Pewarta: Zubi Mahrofi
Jakarta (ANTARA News) - Nilai tukar rupiah yang ditransaksikan antarbank
di Jakarta pada Jumat pagi bergerak melemah sebesar 36 poin menjadi
Rp13.141 dibandingkan posisi sebelumnya di posisi Rp13.105 per dolar AS.
"Belum adanya pertanda perbaikan kinerja pemerintah baik dalam
realisasi pendapatan serta belanja membuat ekspektasi atas pertumbuhan
ekonomi ke depan tetap rendah, situasi itu cukup berdampak pada mata
uang rupiah," kata Ekonom Samuel Sekuritas Rangga Cipta di Jakarta,
Jumat.
Menurut dia, ekspektasi pertumbuhan ekonomi domestik itu akan
menjaga daya tarik aset berdenominasi rupiah tetap rendah. Sentimen
Standard & Poors (S&P) yang merevisi outlook peringkat utang
Indonesia dari stabil menjadi positif juga relatif minimal.
Kendati demikian, ia mengatakan bahwa angka manufaktur AS diumumkan
turun berpotensi menekan dolar AS di pasar global.
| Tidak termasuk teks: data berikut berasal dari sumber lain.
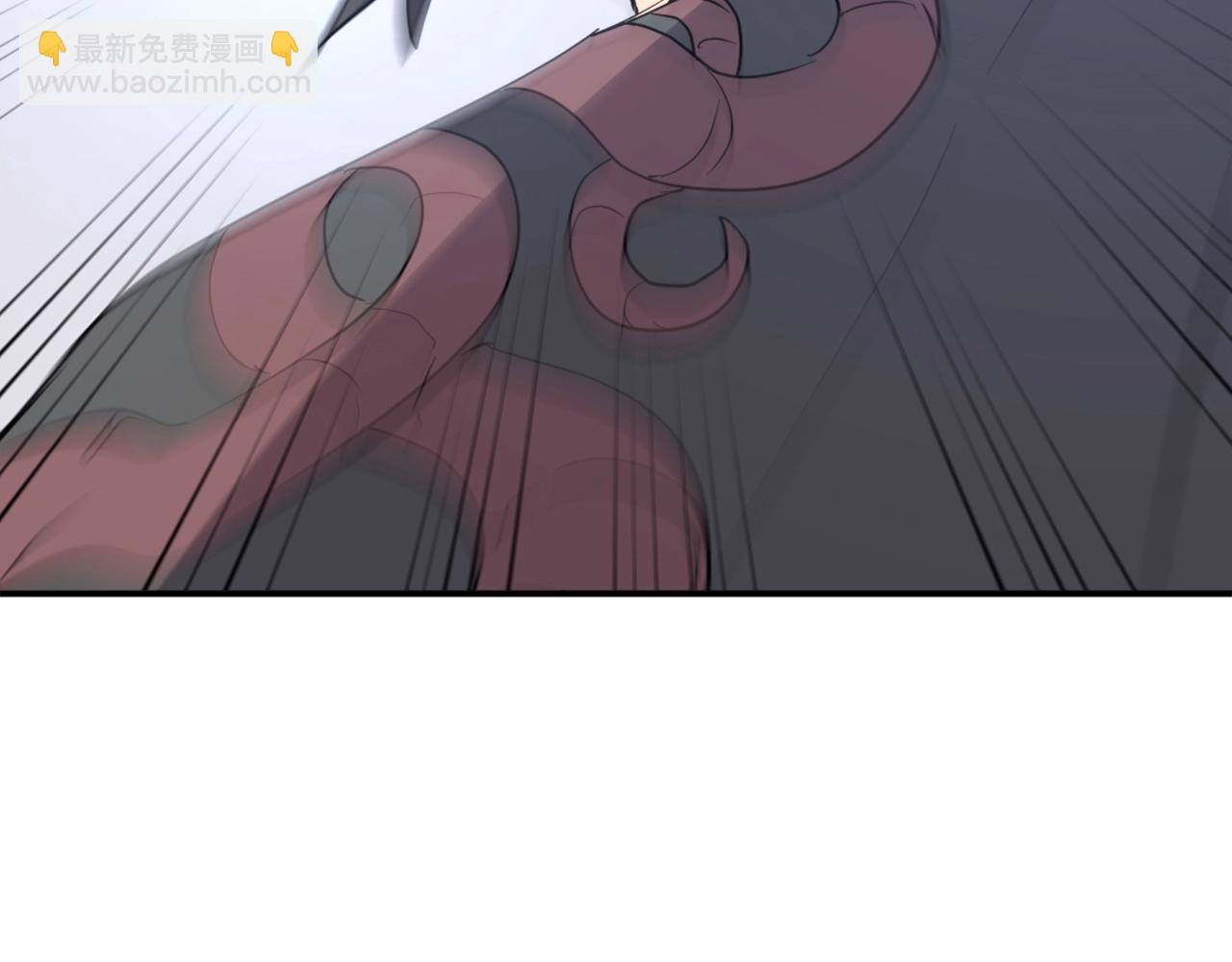 第64话 过去的我191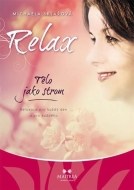 Relax - Tělo jako strom - cena, porovnanie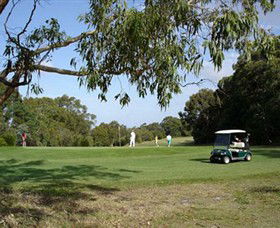Trida VIC Accommodation Sunshine Coast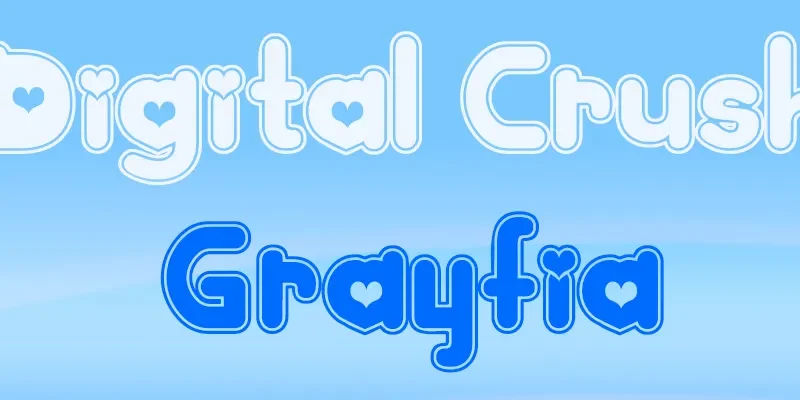 Digital Crush – Grayfia cover R2 – Unity adult game by Winterfire free download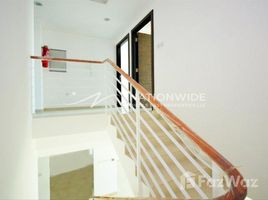 2 غرفة نوم تاون هاوس للبيع في Al Khaleej Village, اعمار الجنوبية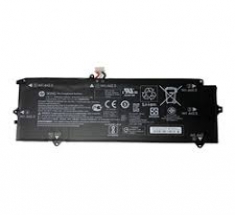 812148-855 Аккумуляторная батарея 40Wh 2.6Ah HP Elite x2 1012 G1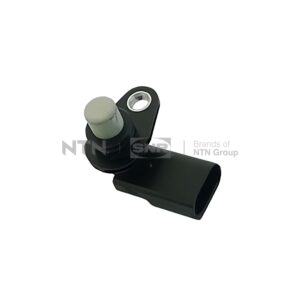 Capteur vilebrequin - CKP154.36 - SNR - Compatible avec véhicule Volkswagen, Skoda, Seat, Audi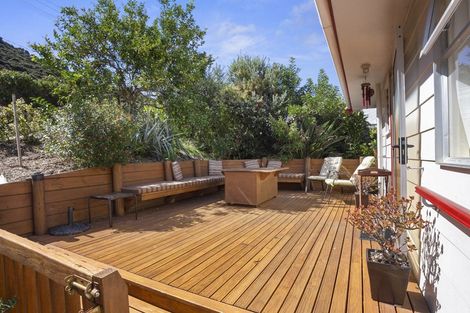 Photo of property in 8 Haddon Crescent, Whitianga, 3510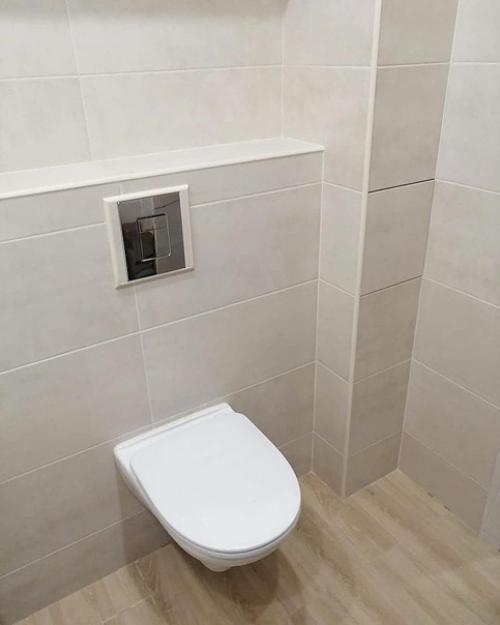 Распространенные ошибки при ремонте ванной комнаты. 04 Распространенные ошибки при ремонте ванной комнаты. 04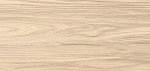 Гибкая керамика Phomi Poly Wood Yoly 1350x300х3 мм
Markit Manufaktur
Indeks Pembelian Manajer (PMI) AS turun ke 53,8 pada Mei dari 54,1 pada
April tahun ini.
Sentimen selanjutnya, kata dia, pelaku pasar sedang menunggu
pengumuman bank sentral Jepang mengenai target kebijakan moneternya.
Kemudian, pelaku pasar juga menanti angka inflasi Amerika Serikat yang
diperkirakan masih berada di zona negatif.
Pengamat Pasar Uang Bank Himpunan Saudara, Rully Nova menambahkan
bahwa sentimen global masih menjadi faktor utama yang menekan mata uang
rupiah terhadap dolar AS.
Sebagian pelaku pasar uang menunggu pidato Ketua Fed Janet Yellen tentang prospek ekonomi AS pada Jumat ini waktu setempat.
"Pidato the Fed dinantikan pasar, diharapkan ada petunjuk lebih lanjut tentang waktu kenaikan suku bunga," katanya.
Di tengah penantian itu, menurut dia, volatilitas rupiah masih akan
tinggi karena belum adanya kepastian waktu kenaikan suku bunga AS (Fed
fund rate), pelaku pasar uang cenderung akan tetap mengakumulasi mata
uang yang dianggap dapat menjaga nilai aset, salah staunya dolar AS.